**Exercise requirements:**
Go to the line below that contains "RedSwing Saucer Tree". From there to the end of the records, reproduce each line exactly, except the pictures.
### Data for processing ###
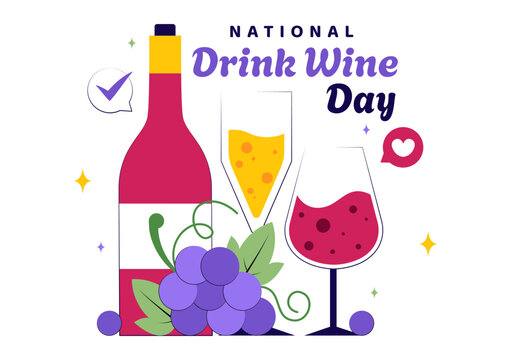 National Drink Wine Day Vector Illustration on February 18 Featuring a Glass of Grapes and a Bottle in a Flat Cartoon Background Design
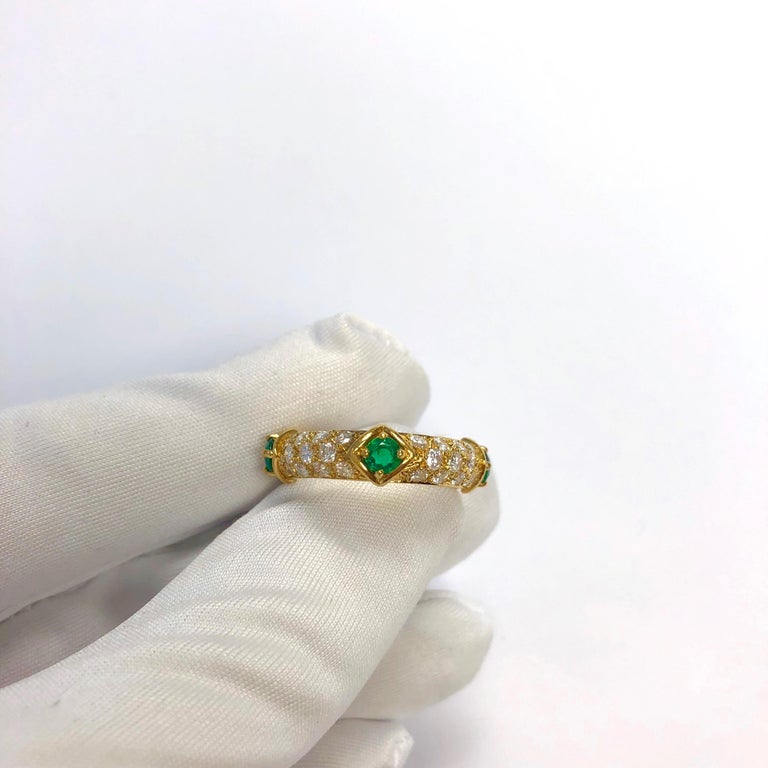 Mauboussin Diamond and Emerald Yellow Gold Eternity Band For Sale at ...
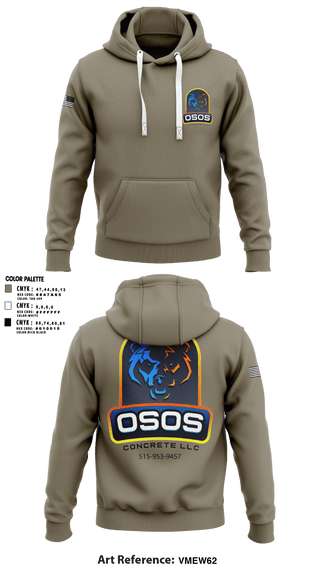 Hoodie, OSOS CONCRETE LLC, , Teamtime, Team time, sublimation, custom sports apparel, team uniforms, spirit wear, spiritwear, sports uniforms, custom shirts, team store, custom team store, fundraiser sports, apparel fundraiser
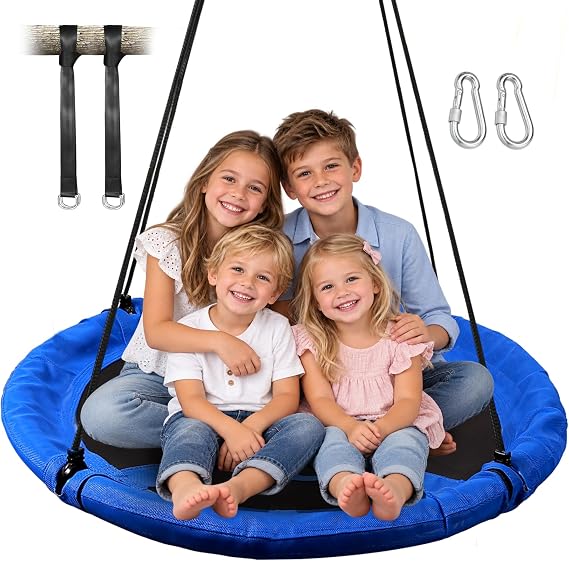 RedSwing Saucer Tree Swing for Kids Indoor Outdoor 43" Large Round Swing 500lb Capacity Tree Swing Set Backyard Playground Easy Installation Blue Green Blue sw23041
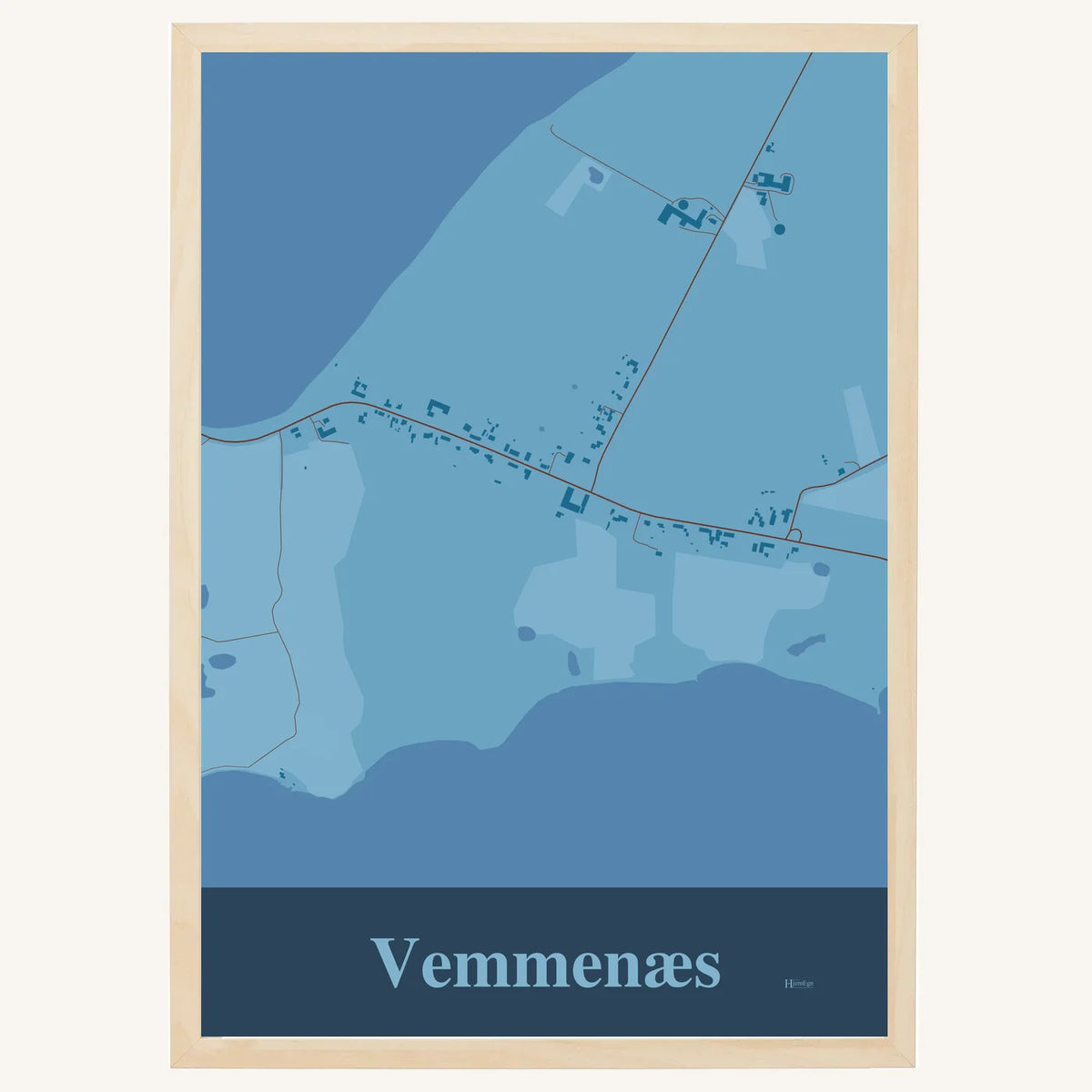 Vemmenæs plakat – Firkantet 2026 – Lys pastel blå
###
**Solved problem:**
 RedSwing Saucer Tree Swing for Kids Indoor Outdoor 43" Large Round Swing 500lb Capacity Tree Swing Set Backyard Playground Easy Installation Blue Green Blue sw23041
 Vemmenæs plakat – Firkantet 2026 – Lys pastel blå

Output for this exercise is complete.